Tolerability data on fulvestrant

In the Phase II trial of fulvestrant and in the trial of women with uterine fibroids, we didn't see any stimulatory effects on the uterus as we see with tamoxifen. In fact, when given simultaneously with tamoxifen or estrogen, fulvestrant blocks the uterine stimulation caused by these agents. Fulvestrant also doesn't appear to cross the blood-brain barrier as tamoxifen does.

Randomized trials of fulvestrant versus anastrozole

The trials of fulvestrant versus anastrozole in patients progressing on tamoxifen were large, well-executed studies - in contrast to other hormone therapy trials done as recently as five years ago. The fulvestrant versus anastrozole trials demonstrated that fulvestrant is a very safe cancer therapeutic agent. There were virtually no toxicities outside of background noise.

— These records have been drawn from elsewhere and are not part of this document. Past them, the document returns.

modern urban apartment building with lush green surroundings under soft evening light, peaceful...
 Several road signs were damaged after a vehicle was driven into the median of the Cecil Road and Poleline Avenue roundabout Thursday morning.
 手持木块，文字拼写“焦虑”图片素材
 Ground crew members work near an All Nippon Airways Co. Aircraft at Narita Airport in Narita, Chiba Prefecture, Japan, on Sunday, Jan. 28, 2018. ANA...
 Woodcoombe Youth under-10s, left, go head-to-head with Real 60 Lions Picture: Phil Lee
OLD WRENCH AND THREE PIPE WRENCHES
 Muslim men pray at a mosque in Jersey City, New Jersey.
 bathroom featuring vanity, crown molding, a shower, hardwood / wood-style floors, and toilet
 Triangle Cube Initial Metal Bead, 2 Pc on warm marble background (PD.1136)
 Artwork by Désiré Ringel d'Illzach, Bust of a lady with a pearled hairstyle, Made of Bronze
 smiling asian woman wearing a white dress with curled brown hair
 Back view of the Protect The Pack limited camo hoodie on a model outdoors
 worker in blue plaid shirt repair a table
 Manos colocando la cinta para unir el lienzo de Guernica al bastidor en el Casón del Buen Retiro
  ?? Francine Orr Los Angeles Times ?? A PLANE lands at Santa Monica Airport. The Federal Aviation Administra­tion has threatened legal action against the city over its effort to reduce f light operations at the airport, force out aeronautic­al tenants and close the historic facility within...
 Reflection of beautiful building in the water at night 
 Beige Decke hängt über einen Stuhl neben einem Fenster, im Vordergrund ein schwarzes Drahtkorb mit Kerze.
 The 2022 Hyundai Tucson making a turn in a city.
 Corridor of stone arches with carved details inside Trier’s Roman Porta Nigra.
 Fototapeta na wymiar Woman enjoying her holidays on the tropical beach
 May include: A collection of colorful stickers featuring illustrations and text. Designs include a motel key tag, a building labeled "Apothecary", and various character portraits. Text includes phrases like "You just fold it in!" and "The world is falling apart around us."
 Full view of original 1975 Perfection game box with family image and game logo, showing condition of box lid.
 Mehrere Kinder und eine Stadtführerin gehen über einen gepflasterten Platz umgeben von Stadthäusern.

In terms of efficacy, these trials demonstrate that fulvestrant is at least equivalent to a third-generation aromatase inhibitor, currently our best endocrine agents for postmenopausal patients. There were some hints that fulvestrant might be a little bit better than anastrozole in terms of an increased duration of response, but, overall, I believe they're equal.

In the European trial, the time to treatment failure in the two arms was close to identical. In the American trial, the overall objective response and clinical benefit rates were slightly higher for fulvestrant, though not statistically significant.

The main difference between fulvestrant and anastrozole in the American trial was the increased duration of response in the fulvestrant arm. Not only was there a statistically significant improvement from 10 months to 19 months, but this time difference is clinically and humanly worthwhile in the metastatic setting. It tells us that this agent might give us a bit of a boost in the adjuvant setting.